Compression is widely used both to minimize the size of an image file without degradation in the image quality and to reduce irrelevance and redundancy of data in the image. Thus, compression is mostly preferred to process large-scale images. For example, detecting ships in satellite images is difficult due to their high resolution and correspondingly large data volume. A compression technique called discrete wavelet transform (DWT) resolves the difficulty in high-resolution ship detection and performs better than conventional computer vision algorithms26. In addition, DWT is also useful for texture classification, because its finite duration provides both the frequency and spatial locality. In pathology, DWT analysis has been applied to classify tumors by using texture analysis27.
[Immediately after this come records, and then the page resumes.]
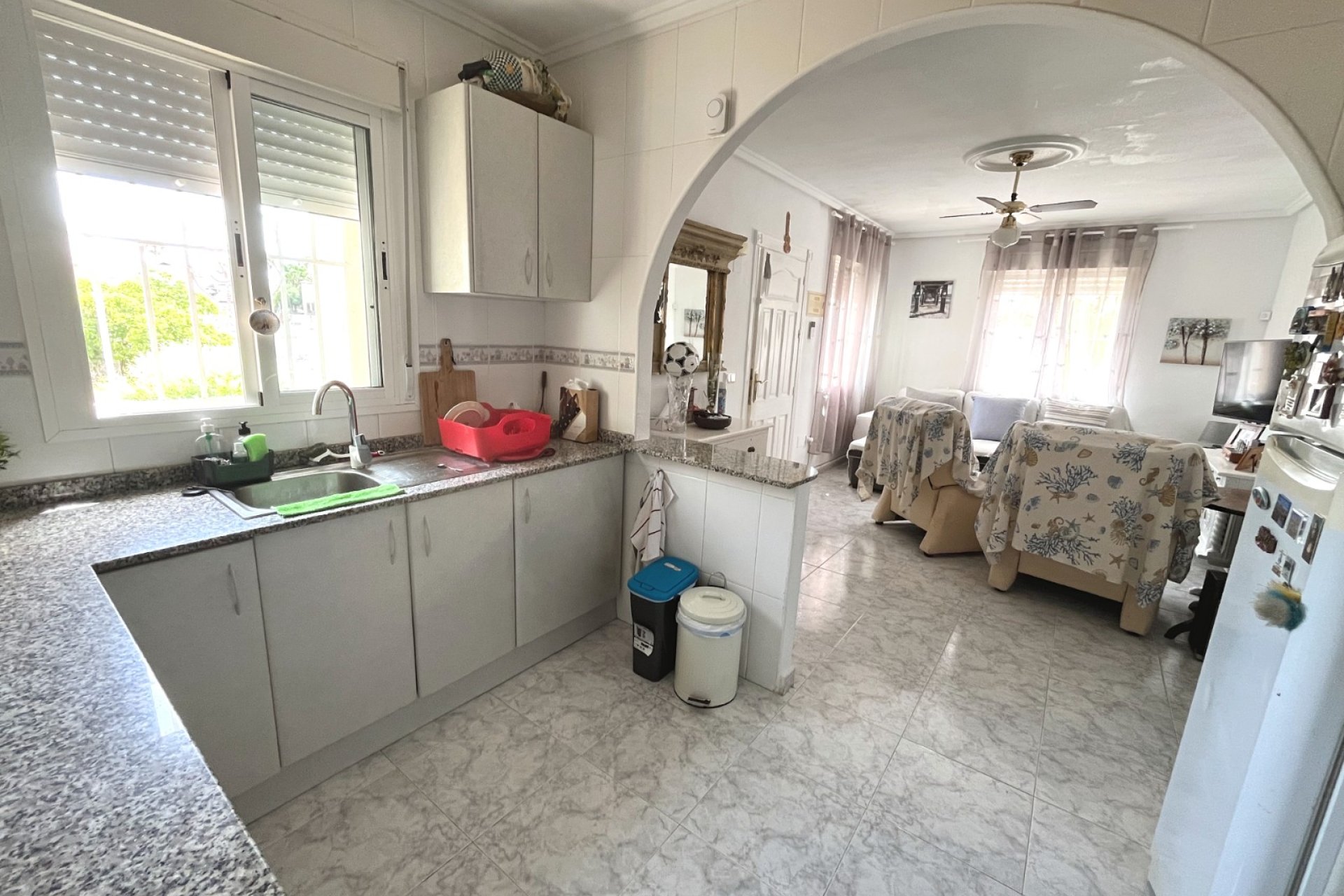Reventa - Villa -
Ciudad Quesada - La Marquesa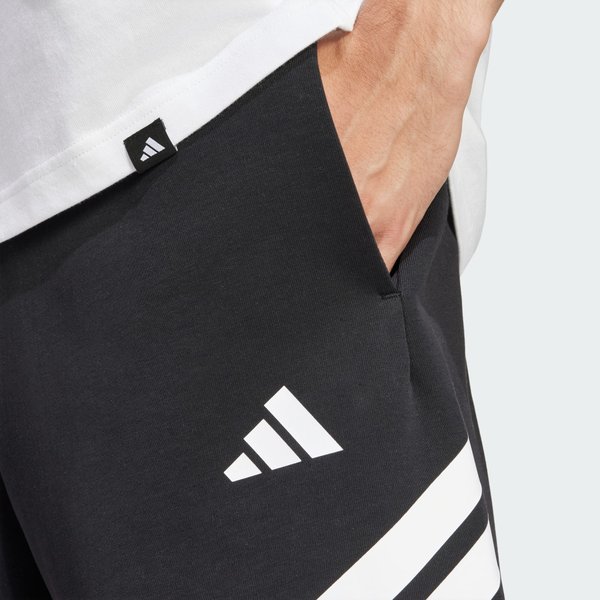 Bermuda Com Bolso Adidas Future Icons Masculino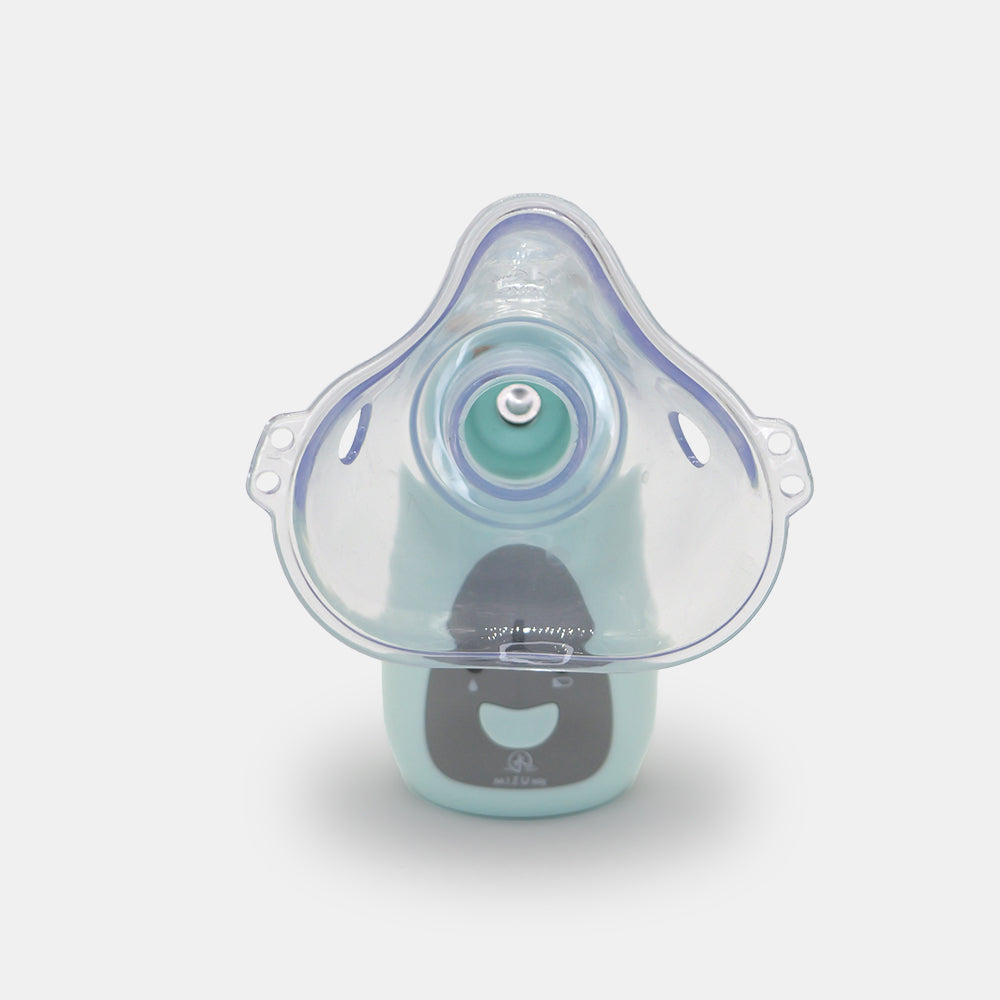 Mizu Baby Nomu aerosol mesh portatile confezione danneggiata funzionante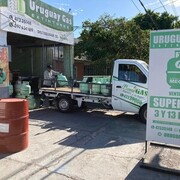 URUGUAY GAS EXTINTORES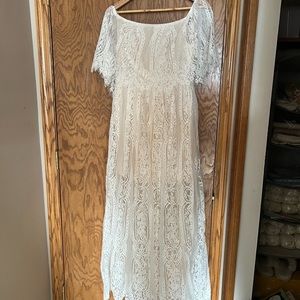 Women’s bridal dress BRAND NEW BALTIC BORN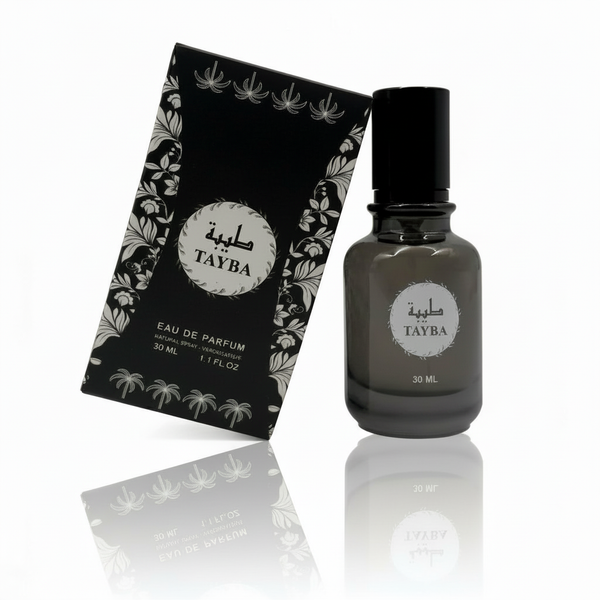 EZMA – TAYBA Eau de Parfum 30ML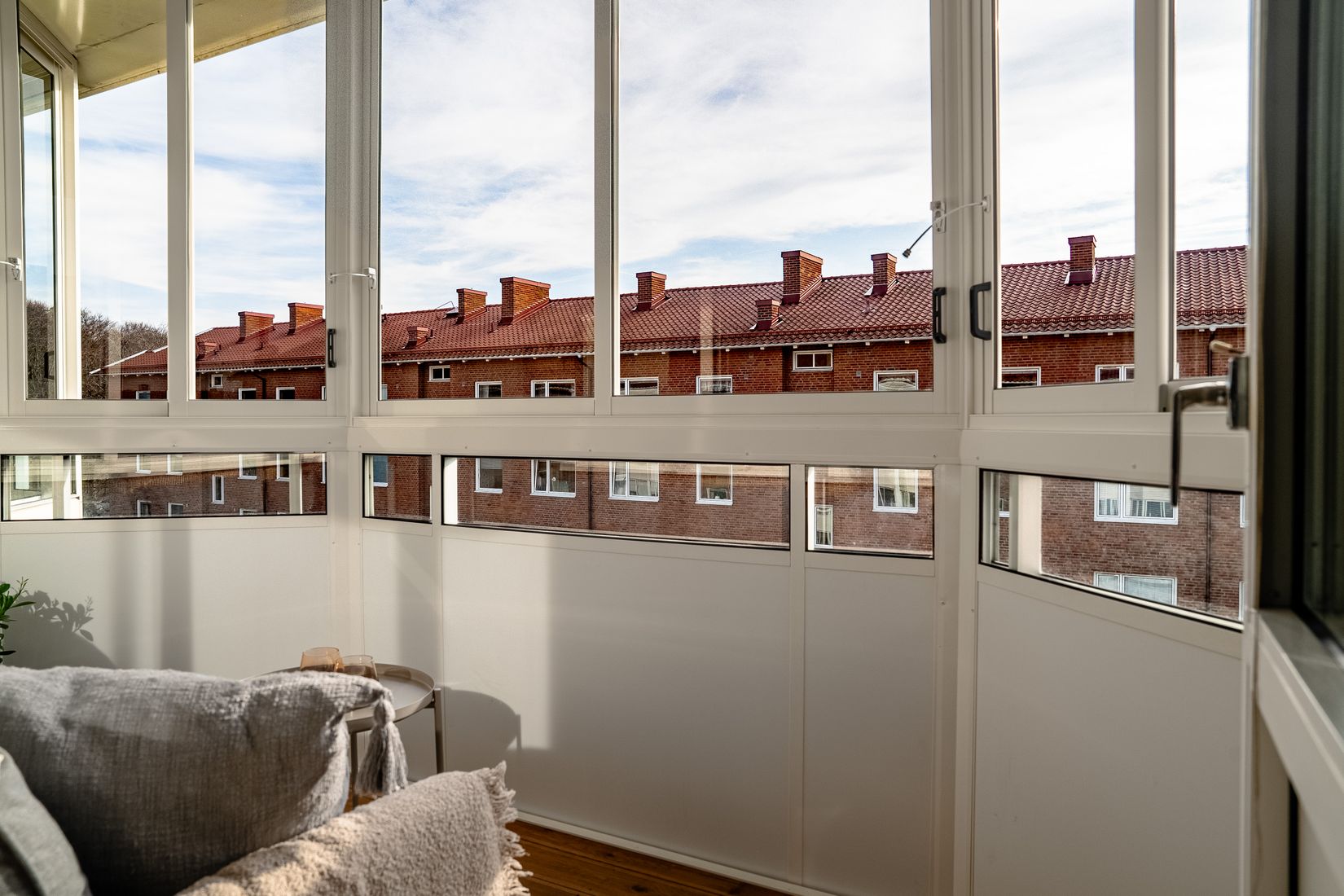 Bostadsrätt, Roskildevägen 29D, Pildammarna, Malmö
In this work, we propose a pathological image segmentation method in the compressed domain. To compress large pathological images, we utilized not only DWT but also principal component analysis (PCA) according to hematoxylin and eosin (H&E) staining characteristics to reduce 3-channel RGB data to one channel28. We tested this inference method in the compressed domain on colorectal cancer pathologic images from the Catholic University of Korea Yeouido St. Mary’s Hospital.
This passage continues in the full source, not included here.